Installation view of Baas' 'Smoke' series at the Groninger Museum

The nine distinct chapters in the exhibition are presented chronologically. Beginning with ‘Smoke’ – in which the designer burns furniture before covering it with a transparent layer of epoxy to make it functional again – the series includes Ettore Sottsass’ ‘Carlton’ room divider and the Campana brothers’ ‘Favela Chair’. New pieces have been created to add to the museum’s ‘Clay’ collection. Meanwhile, six grandfather clocks from the ‘Real Time’ series are shown together for the first time; and there is an updated arrangement of the ‘Circus’ (launched at Salone del Mobile in 2014).

Baas’ works are known for their rebellious and dramatic elements, so naming the exhibition after a game sounds just about right. ‘“Hide” and “Seek” are two distinct qualities. “Hide” is closed, hidden, invisible, while “seek” means going out, taking new steps. Sometimes, it feels like an alchemist mixing all the stuff together to make something special,’ Baas explains.

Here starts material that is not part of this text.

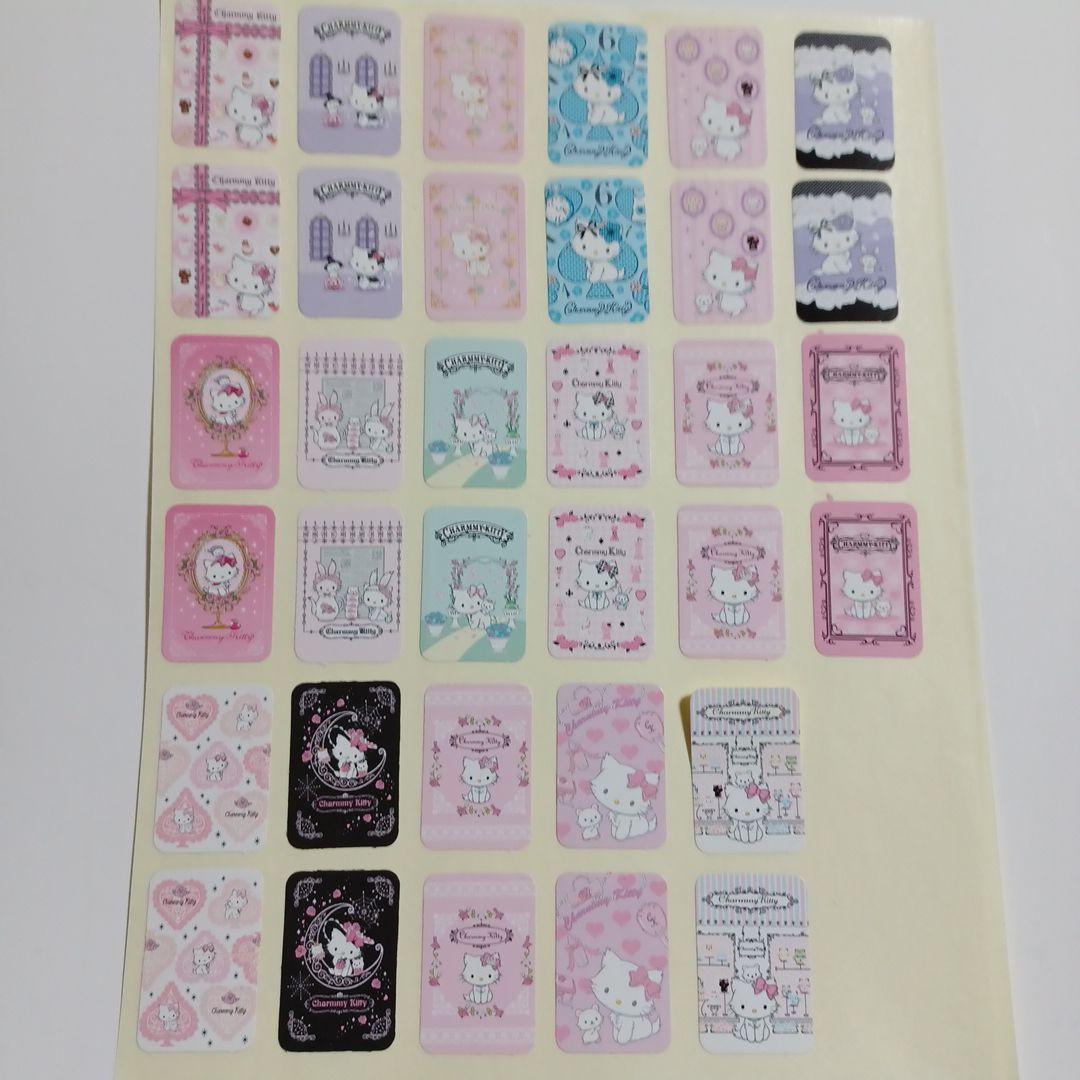 チャーミーキティ シール 縦バージョン 希少 サンリオ レトロ 当時物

Grandfather clocks from the ‘Real Time’ series

More recent works include acclaimed pieces launched last year. The ‘Carapace’ series of wooden furniture encased in metal mimics the protective camouflage of hard-shelled animals. ‘Close Parity’, based on a series of naive sketches, is realised in bronze and kept in balance by counterweights.

‘We are interested in Baas more as an artist rather than a designer; of course, he is parallel in both. We recognise the elevation in his 15 years of works and also the unique voice that he has developed. When you walk through the exhibition you can really see his way of thinking and progression,’ says Wilson.

Viewers are also treated to a sneak peek of his upcoming Milan presentation in collaboration with Lensvelt, which explores the highly topical dilemma of the difficulty in separating opinions from news, and fact from fiction. A new collection of chairs with the Dutch manufacturer will be launched in April, too.